Top of Material for this exercise

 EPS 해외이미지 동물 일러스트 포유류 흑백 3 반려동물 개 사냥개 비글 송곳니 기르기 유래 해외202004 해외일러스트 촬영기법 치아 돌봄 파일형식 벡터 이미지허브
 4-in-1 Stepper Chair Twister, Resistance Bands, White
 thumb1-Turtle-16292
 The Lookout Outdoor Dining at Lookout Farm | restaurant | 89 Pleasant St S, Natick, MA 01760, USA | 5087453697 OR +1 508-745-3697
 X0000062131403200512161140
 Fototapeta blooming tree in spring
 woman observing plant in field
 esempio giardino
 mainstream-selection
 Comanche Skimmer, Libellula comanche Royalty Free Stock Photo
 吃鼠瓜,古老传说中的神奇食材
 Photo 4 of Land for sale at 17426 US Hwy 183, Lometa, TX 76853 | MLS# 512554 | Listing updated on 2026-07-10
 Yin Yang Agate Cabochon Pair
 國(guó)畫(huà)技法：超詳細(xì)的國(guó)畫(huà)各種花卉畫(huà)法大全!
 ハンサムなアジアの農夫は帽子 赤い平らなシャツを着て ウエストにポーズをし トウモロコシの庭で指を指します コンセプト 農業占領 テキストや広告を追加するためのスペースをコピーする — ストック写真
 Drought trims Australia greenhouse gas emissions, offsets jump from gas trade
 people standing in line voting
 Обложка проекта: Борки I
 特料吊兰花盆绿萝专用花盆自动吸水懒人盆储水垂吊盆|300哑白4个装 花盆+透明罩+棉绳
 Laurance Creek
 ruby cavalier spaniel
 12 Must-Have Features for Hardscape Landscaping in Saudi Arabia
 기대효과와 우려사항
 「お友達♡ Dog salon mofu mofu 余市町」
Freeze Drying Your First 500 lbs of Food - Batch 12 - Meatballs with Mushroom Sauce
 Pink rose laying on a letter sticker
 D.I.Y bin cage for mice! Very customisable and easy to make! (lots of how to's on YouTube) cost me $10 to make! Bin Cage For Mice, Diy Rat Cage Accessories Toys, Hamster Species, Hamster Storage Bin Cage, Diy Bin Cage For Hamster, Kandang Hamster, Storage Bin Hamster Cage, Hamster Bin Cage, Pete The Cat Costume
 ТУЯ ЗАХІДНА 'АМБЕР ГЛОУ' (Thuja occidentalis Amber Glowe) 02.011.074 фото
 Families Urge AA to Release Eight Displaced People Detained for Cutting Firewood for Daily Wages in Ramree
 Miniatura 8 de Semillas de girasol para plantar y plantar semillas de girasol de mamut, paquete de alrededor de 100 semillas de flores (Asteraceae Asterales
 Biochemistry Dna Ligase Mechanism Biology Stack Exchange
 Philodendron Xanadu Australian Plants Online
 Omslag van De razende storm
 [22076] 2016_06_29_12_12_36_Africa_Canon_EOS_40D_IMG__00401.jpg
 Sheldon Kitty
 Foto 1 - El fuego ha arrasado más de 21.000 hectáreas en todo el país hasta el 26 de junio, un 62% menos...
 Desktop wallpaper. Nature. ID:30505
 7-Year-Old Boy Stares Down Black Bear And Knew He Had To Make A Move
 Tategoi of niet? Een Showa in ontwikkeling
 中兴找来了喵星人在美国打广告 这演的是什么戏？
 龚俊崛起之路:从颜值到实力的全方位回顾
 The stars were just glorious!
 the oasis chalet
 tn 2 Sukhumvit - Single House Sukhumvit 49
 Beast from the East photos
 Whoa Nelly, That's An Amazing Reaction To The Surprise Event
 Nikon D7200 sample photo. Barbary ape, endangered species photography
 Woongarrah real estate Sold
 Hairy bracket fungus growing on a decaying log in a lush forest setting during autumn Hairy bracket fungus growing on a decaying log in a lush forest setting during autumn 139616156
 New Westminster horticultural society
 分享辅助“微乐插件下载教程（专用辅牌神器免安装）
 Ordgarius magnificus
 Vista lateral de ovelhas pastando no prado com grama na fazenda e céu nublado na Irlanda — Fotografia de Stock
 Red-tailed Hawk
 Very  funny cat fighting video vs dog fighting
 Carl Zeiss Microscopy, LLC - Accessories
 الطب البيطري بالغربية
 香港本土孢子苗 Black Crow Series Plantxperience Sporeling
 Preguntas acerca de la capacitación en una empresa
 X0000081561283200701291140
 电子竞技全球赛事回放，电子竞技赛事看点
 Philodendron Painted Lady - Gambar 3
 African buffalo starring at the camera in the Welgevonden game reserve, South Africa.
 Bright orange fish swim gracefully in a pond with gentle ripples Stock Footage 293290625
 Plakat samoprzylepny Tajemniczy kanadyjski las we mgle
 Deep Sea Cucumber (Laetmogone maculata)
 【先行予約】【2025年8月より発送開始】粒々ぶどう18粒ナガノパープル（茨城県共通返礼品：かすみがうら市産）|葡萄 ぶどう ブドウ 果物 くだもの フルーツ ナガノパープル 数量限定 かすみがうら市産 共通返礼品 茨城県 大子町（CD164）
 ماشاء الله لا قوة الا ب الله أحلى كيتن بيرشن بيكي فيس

Bottom of Material for this exercise

Could you write out, exactly, each line of the data above from the one containing "Plakat samoprzylepny Tajemniczy" through the last, including both?

▸ Solution
 Plakat samoprzylepny Tajemniczy kanadyjski las we mgle
 Deep Sea Cucumber (Laetmogone maculata)
 【先行予約】【2025年8月より発送開始】粒々ぶどう18粒ナガノパープル（茨城県共通返礼品：かすみがうら市産）|葡萄 ぶどう ブドウ 果物 くだもの フルーツ ナガノパープル 数量限定 かすみがうら市産 共通返礼品 茨城県 大子町（CD164）
 ماشاء الله لا قوة الا ب الله أحلى كيتن بيرشن بيكي فيس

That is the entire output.